The Biotite package bundles popular tools in computational biology into an unifying framework. It offers file I/O operations, analyses and manipulations for biological sequence and structure data. Furthermore, the package provides interfaces for popular biological databases and external software.

The internal structure and sequence representations are based on NumPy ndarrays, taking the advantage of C-accelerated operations. Time consuming operations that could not be vectorised are mostly implemented in Cython in order to achieve C-accelerations in those places, too.

Additionally the package aims for simple usability and extensibility: The objects representing structures and sequences can be indexed and scliced like an ndarray. Even the actual internal ndarrays are easily accessible allowing advanced users to implement their own algorithms upon the existing types.


Biotite currently consists of 4 subpackages:


The sequence subpackage contains functionality for working with sequence information of any kind. The package contains by default sequence types for nucleotides and proteins, but the alphabet-based implementation allows simple integration of own sequence types, even if they do not rely on letters. Beside the standard I/O operations, the package includes general purpose functions for sequence manipulations and global/local alignments.

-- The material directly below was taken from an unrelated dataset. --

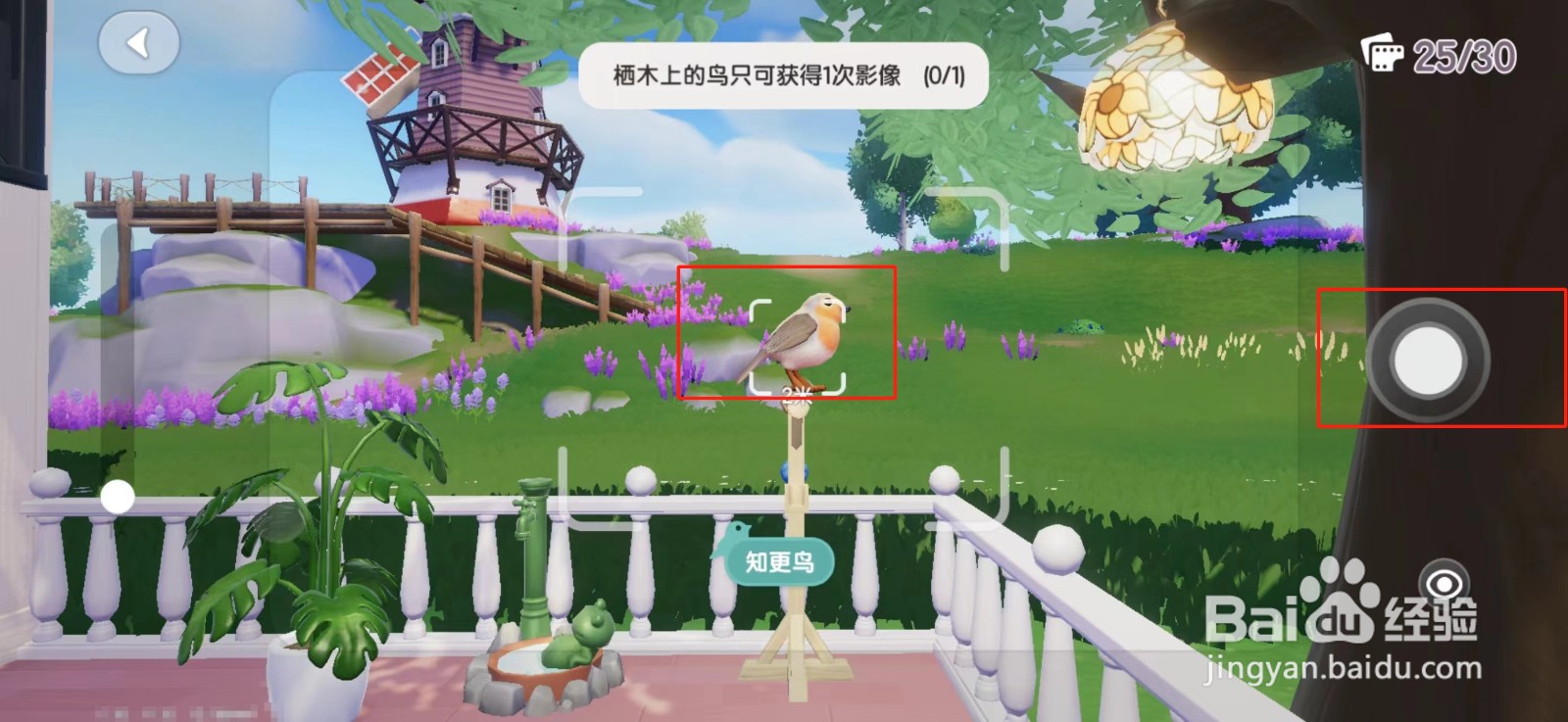 心动小镇栖木上的鸟的信息卡怎么收集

The structure subpackage enables handling of 3D structures of biomolecules. Simplified, a structure is represented by a list of atoms and their properties, based on ndarrays. The subpackage includes read/write functionality for different formats, structure filters, coordinate transformations, angle and bond measurements, accessible surface area calculation, structure superimposition and more.

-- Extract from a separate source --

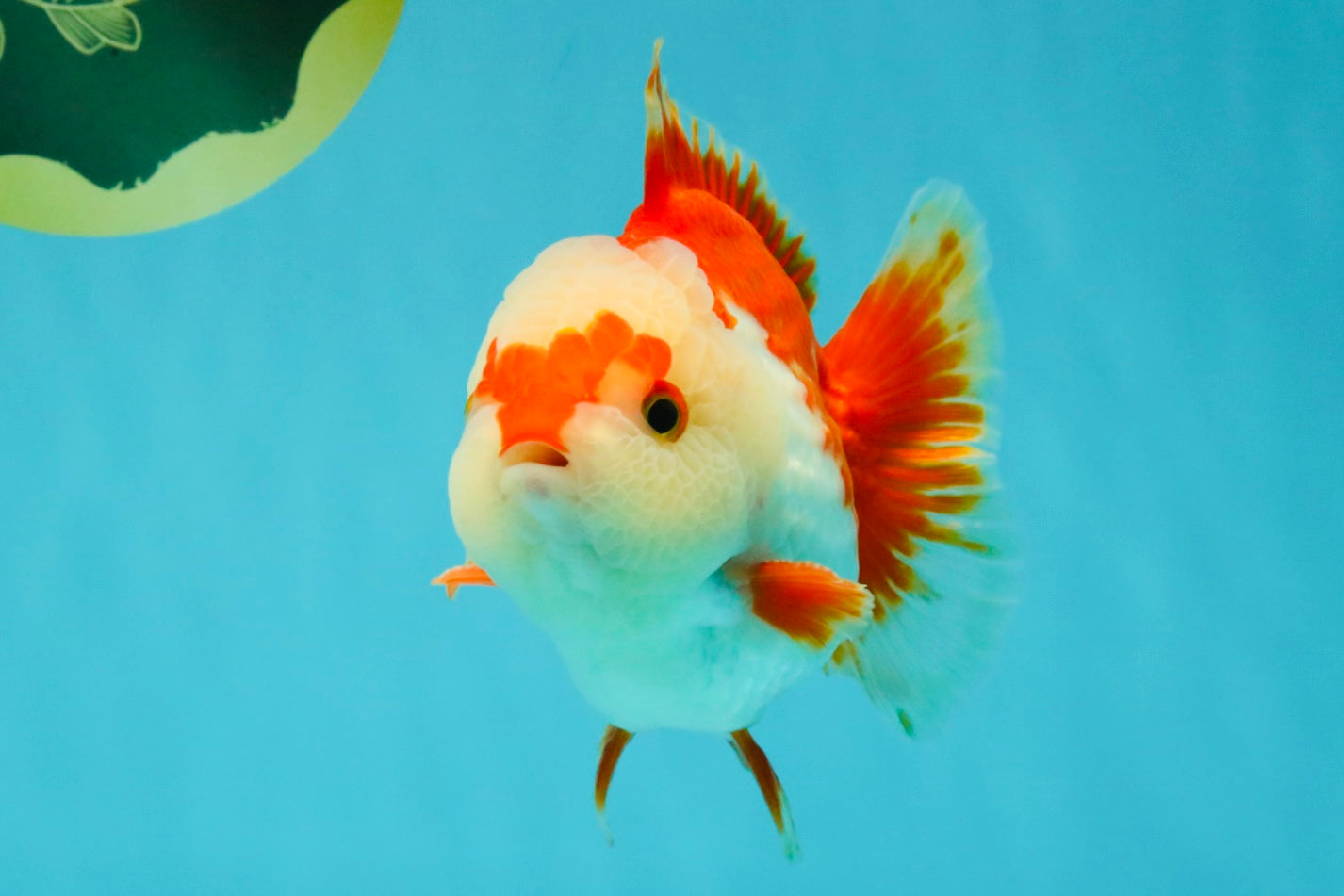 SUPER CUTE A Grade Red White Yuanbao Male 5-5.5 inches #041726YB_16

The database subpackage is all about downloading data from biological databases, including the probably most important ones: the RCSB PDB and the NCBI Entrez database.


The application subpackage provides interfaces for external software. The interfaces range from locally installed software (e.g. MSA software) to web apps (e.g. BLAST). The speciality is that the interfaces are seamless: You do not have to write input files and read output files, you only have to input Python objects and you get Python objects. It is basically very similar to using normal Python functions.